Where the research is heading
Integrative oncology researchers are studying LDN and several other repurposed medications. The early evidence shows pain relief in refractory cancer pain. The proposed mechanisms – reducing neuroinflammation through TLR4 and raising natural opioid levels – are biologically plausible and researchers are studying them. For breast cancer patients dealing with therapy-related joint pain or pain that standard treatments did not relieve, LDN might help. Consider discussing it with an integrative oncologist or palliative care clinician.
The field continues to develop. Readers who want to follow new LDN and integrative oncology research as researchers publish it can browse The Blog for updates on targeted therapies and evidence-based integrative approaches to cancer care.
If you are on prescription medication, pregnant, or breastfeeding, speak with your clinician before adding any compounded or off-label agent to your regimen. This article is for general information and does not replace medical advice. Always consult your oncologist or care team about your specific situation.
Frequently Asked Questions
What is the typical starting dose of LDN for cancer pain?
Most published studies and case reports start LDN at 1.5 mg taken once at bedtime. The dose is increased gradually over several weeks. The most commonly used maintenance dose in cancer pain research was 3.0 mg daily, and the highest dose studied was 4.5 mg per day. These low doses are not available in commercially manufactured tablets and must be prepared by a compounding pharmacy.
Can I use LDN if I am already taking opioid pain medication?
No.
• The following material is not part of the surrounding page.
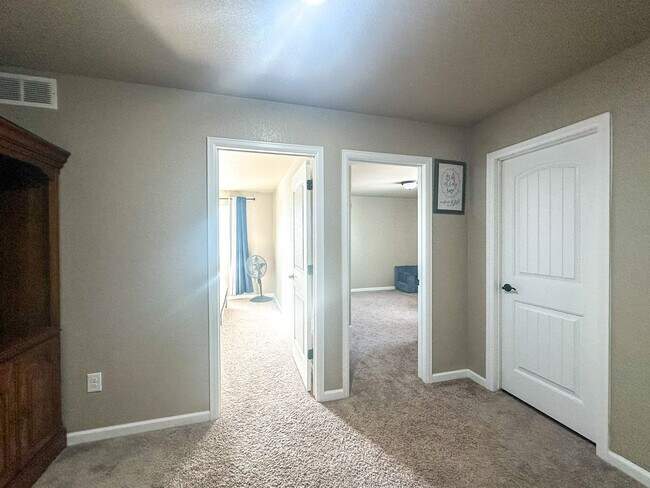 Building Photo - Grand 6bd 4ba Crystal Valley home with an in-law suite!!!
Naltrexone blocks opioid receptors even at low doses. Taking LDN alongside an opioid pain medicine such as oxycodone, morphine, or fentanyl can trigger a sudden withdrawal reaction that causes a sharp increase in pain, sweating, nausea, and agitation. LDN and opioid pain medicines must not be used at the same time without explicit medical supervision and a clear safety protocol in place.
Is LDN safe to take with tamoxifen or aromatase inhibitors?
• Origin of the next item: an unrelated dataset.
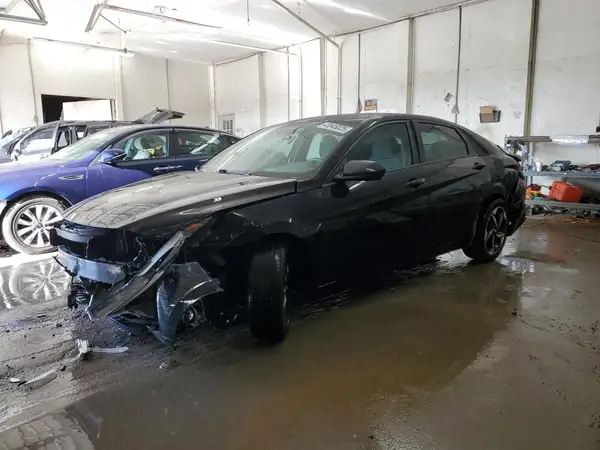 5NPLS4AG1PH113947 2023 HYUNDAI ELANTRA - Image 1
No established direct drug interaction between LDN and tamoxifen or aromatase inhibitors has been identified in published research. Tamoxifen is processed through an enzyme called CYP2D6, and LDN is cleared through a different metabolic route. However, this specific combination has not been studied in adequately powered clinical trials. Anyone considering adding LDN to a hormonal therapy regimen should be closely monitored by their prescribing clinician.
Does LDN have proven anti-cancer effects in breast cancer?
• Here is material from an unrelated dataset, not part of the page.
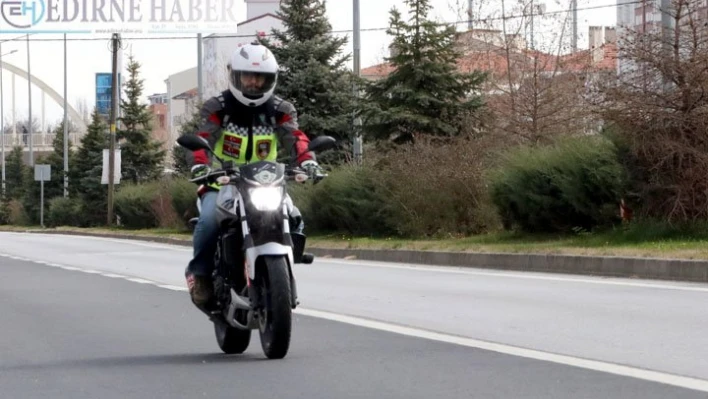 Motosiklet tutkunlarından yaşlı ve hastalara 'hızlı ilaç servisi'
The evidence is too limited to draw firm conclusions. One small uncontrolled trial in 8 people with ER-positive breast cancer found no effect on disease progression. Preclinical laboratory studies suggest LDN may slow tumor cell growth through the opioid growth factor receptor pathway, but these results have not been replicated in large human trials. LDN should not be used as a replacement for proven breast cancer treatments.
What side effects has LDN caused in cancer studies?
A 2025 case series of patients with refractory cancer pain reported that LDN was well-tolerated with a low rate of adverse events. A randomized trial in 110 glioma patients found no meaningful difference in adverse events between LDN and placebo over 16 weeks. The most commonly reported side effect in broader LDN research is vivid dreaming or mild sleep disruption, which often improves when the starting dose is kept low or the dose is taken a few hours before bedtime rather than at the time of sleep.